Date: Wed, 7 Nov 2007 22:33:44 +0900
To: muli@il.ibm.com
Cc: tomof@acm.org, linux-kernel@vger.kernel.org, linux-scsi@vger.kernel.org,
       James.Bottomley@SteelEye.com, jens.axboe@oracle.com, jeff@garzik.org,
       anil.s.keshavamurthy@intel.com, paulus@samba.org, anton@samba.org,
       olof@lixom.net, tony.luck@intel.com, davem@davemloft.net,
       kyle@parisc-linux.org, fujita.tomonori@lab.ntt.co.jp
Cc: fujita.tomonori@lab.ntt.co.jp
Subject: Re: [PATCH -mm 0/3] convert IOMMUs to use iova
From: FUJITA Tomonori <tomof@acm.org>
In-Reply-To: <20071102171227.GH7975@rhun.haifa.ibm.com>
References: <bfa0a387d445abb10ae67cf1541a6e20b9c0d31e.tomof@acm.org>
	<20071102171227.GH7975@rhun.haifa.ibm.com>
Mime-Version: 1.0
Content-Type: Text/Plain; charset=us-ascii
Content-Transfer-Encoding: 7bit
Message-Id: <20071107223521D.tomof@acm.org>
Sender: linux-kernel-owner@vger.kernel.org
Content-Length: 7563
Lines: 244

On Fri, 2 Nov 2007 19:12:27 +0200
Muli Ben-Yehuda <muli@il.ibm.com> wrote:

> On Sat, Nov 03, 2007 at 02:05:39AM +0900, FUJITA Tomonori wrote:
> 
> > This patchset convert the PPC64 IOMMU to use the iova code for free
> > area management.
> > 
> > The IOMMUs ignores low level drivers' restrictions, the maximum
> > segment size and segment boundary.
> > 
> > I fixed the former:
> > 
> > http://thread.gmane.org/gmane.linux.scsi/35602
> > 
> > The latter makes the free area management complicated. I'd like to
> > convert IOMMUs to use the iova code (that intel-iommu introduced)
> > for free area management and enable iova to handle segment boundary
> > restrictions, rather than fixing all the IOMMUs' free area
> > management,
> 
> In general it sounds like a great idea, but have you looked at what
> impact this has on the performance of the IO path?
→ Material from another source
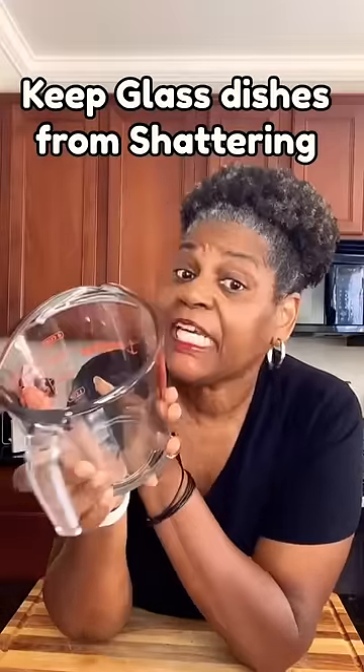Are you worried that if you put something hot in your measuring cup or any other glass, or even put it in the microwave, that it might shatter? Come with me — I'll show you what to do.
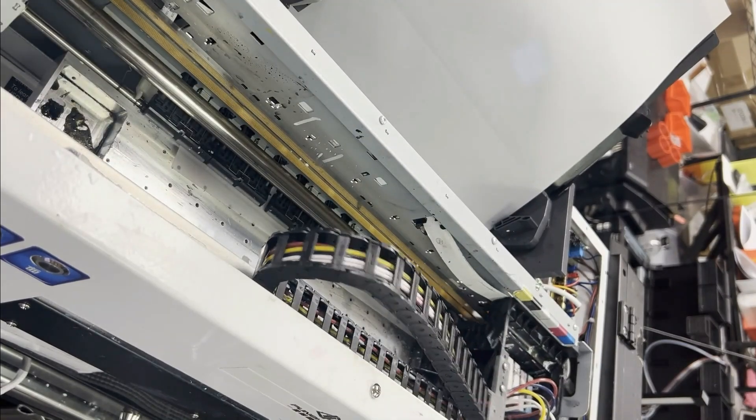Hey guys, it's Kevin. Today I'm going to show you how to install a drag chain to have DTF tubes more organized.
I converted swiotlb to use iova and compared it with the original
algorithm (better than the simple bit map one that most of the IOMMUs
use, I think).

I use 'swiotlb=force' boot option and run netperf with "-m 128 -D"
(lead to tons of dma_map_single).

The original produced 281.8 Mb/s and the iova produced 77.2 Mb/s.

Seems that it would be better to generalization the swiotlb algorithm
(at least for small I/O area)? Or my patch might have bugs.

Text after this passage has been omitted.